Coconut water sits at an interesting crossroads here, positioned as the ‘natural’ way to bounce back, whether that’s from a workout or a hangover. It bridges performance and purity, and its quiet consistency among younger Australians hints at room to grow.

Looking ahead, Australians expect the next big trends in hydration to balance science, sustainability, and sensation.
- Enhanced nutrition and exotic flavours lead forecasted trends.
- Natural ingredients and electrolyte enrichment are top of mind.
- Health marketing is expected to dominate the next five years.
Among younger, active Australians, hydration has become something more personal than performative. It’s no longer about chasing endurance or elite results, but about finding and making choices that align with a more intentional lifestyle. For brands, that shift changes the rules: the win now lies not in new ingredients, but in new meaning, in how well a product reflects the mindset of the people drinking it.
From recycled plastic to zero sugar to natural electrolytes, every brand in the hydration space is really selling the same thing: reassurance. In a culture that’s always on, hydration has become the quiet act of feeling in control.

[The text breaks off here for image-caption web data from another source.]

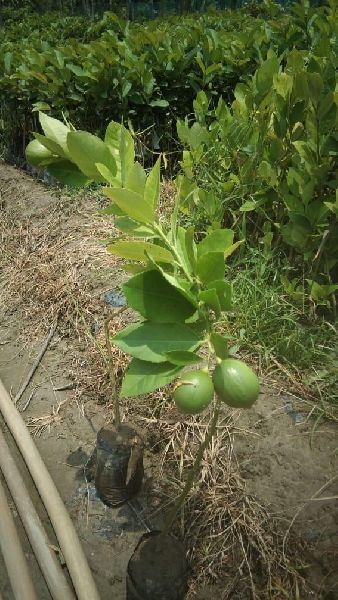 Organic guava plant, for Garden, Feature : Disease Free, Fast growth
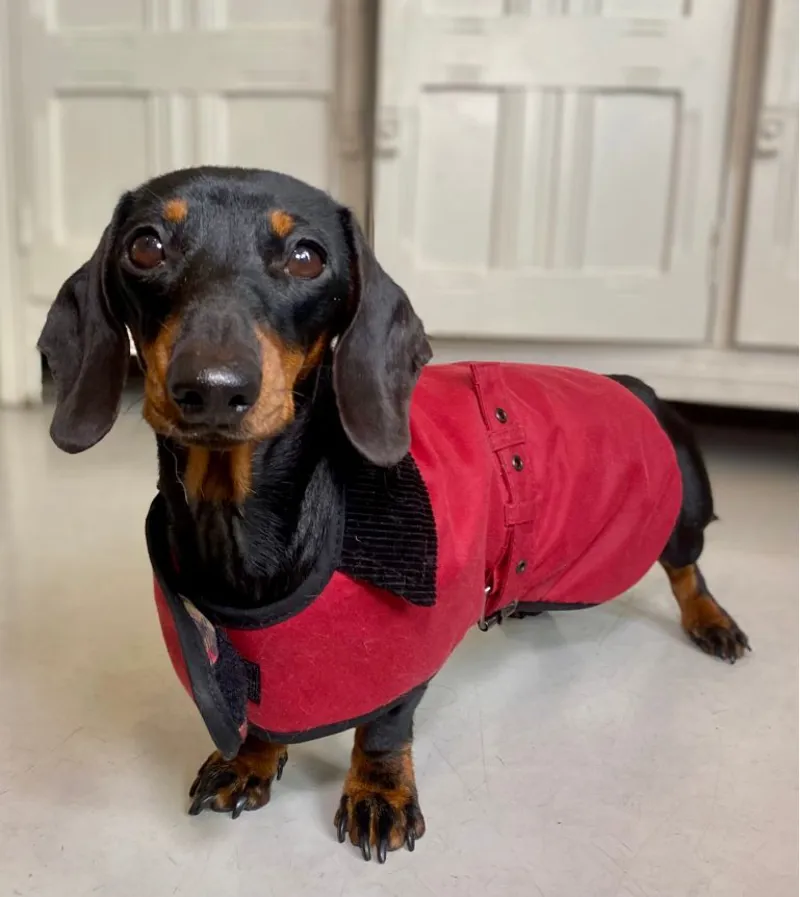 Earthbound Premium Wax Dog Coat in Red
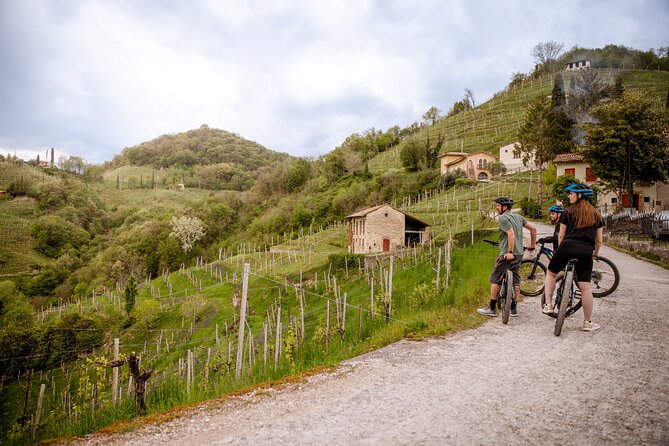 Half-Day E-Bike Tour in Prosecco Hills with Prosecco Tasting - Is $161.90 a fair price?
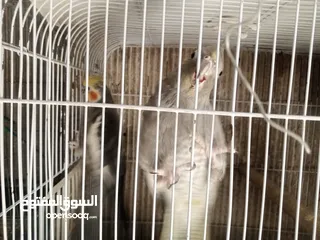  1 عصافير توكتيل جوز عصافير حب مخاليف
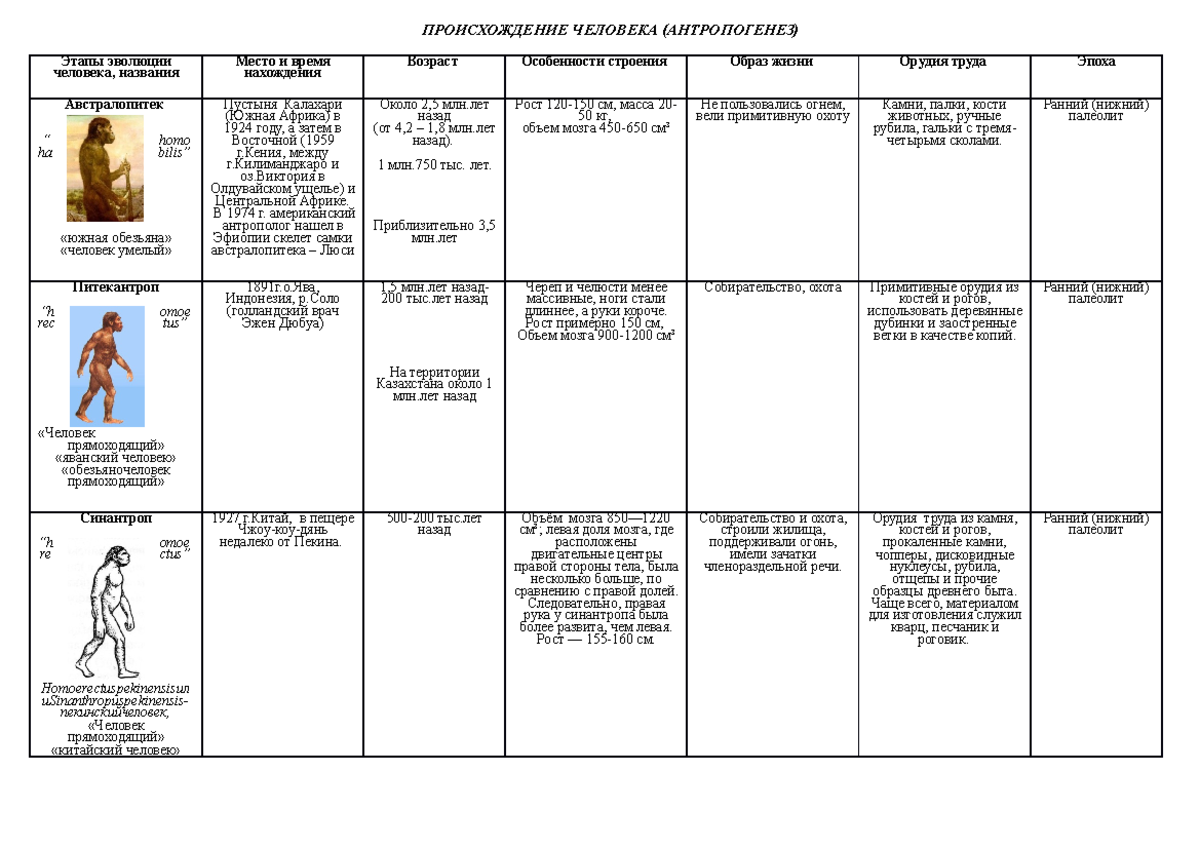 Образ человека таблица. Этапы эволюции человека таблица 8 класс биология предки человека. Стадии антропогенеза таблица 11. Стадии антропогенеза австралопитек таблица. Этапы антропогенеза человека таблица.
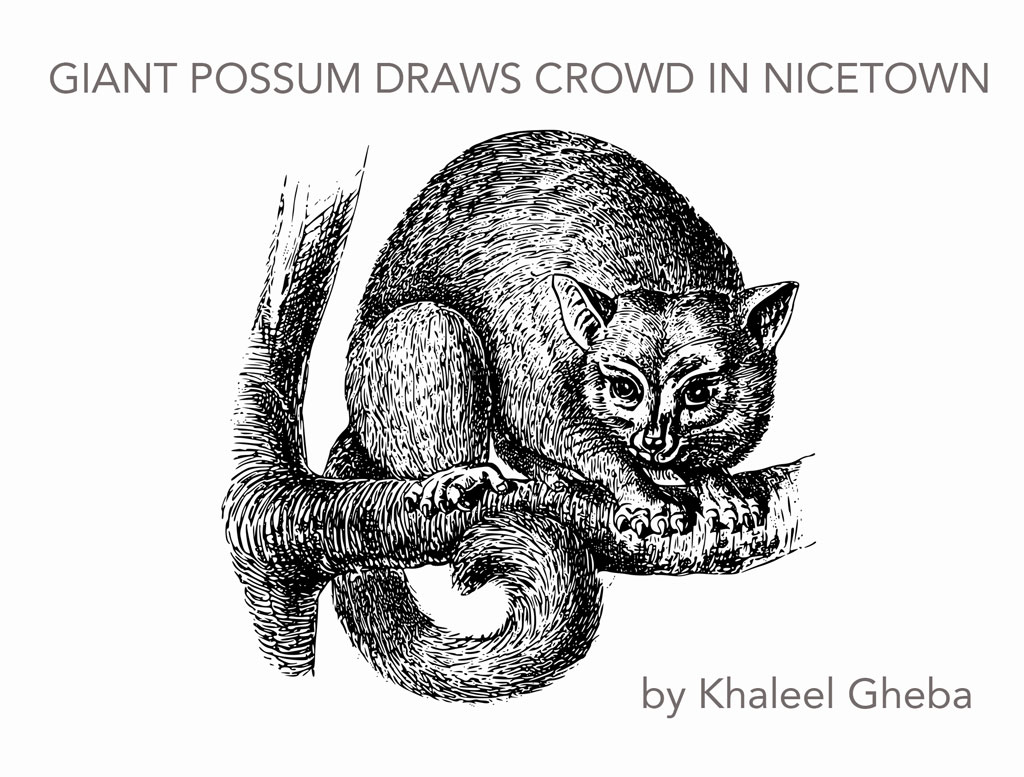 Black and white engraving of possum with title and author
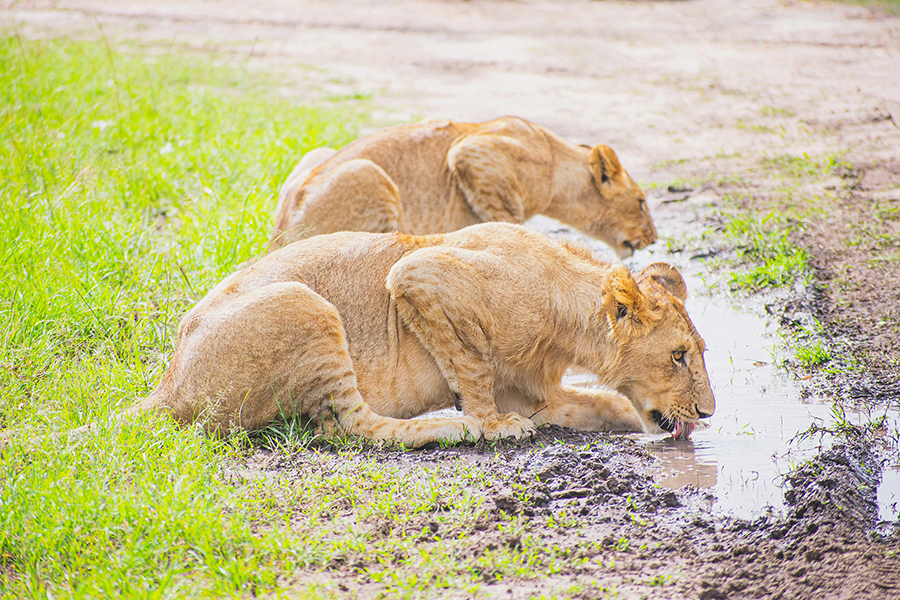 lions drinking water at the savanna plains of Amboseli National Park, with the snow-capped peak of Mount Kilimanjaro rising majestically in the background, and a herd of red elephants covered in dust in the foreground.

From Product to Philosophy
Cool Ridge’s success encapsulates this evolution perfectly. Its humor-driven sustainability campaign shows how even a low-involvement product can spark high emotional connection. It’s proof that brands can ask consumers to do the right thing, even at the expense of sales, and still come out stronger.
Hydration has evolved into a ritual, from a category to a culture. The future belongs to brands that can balance purity, purpose, and playfulness where every sip says something about who we are, and what we care about.
One question remains, has hydration become a convenience-shop reflex? The impulse choice that signals health without thought. The next wave of brands won’t just be selling a drink. They’ll be selling an ethos and an image that speaks to people.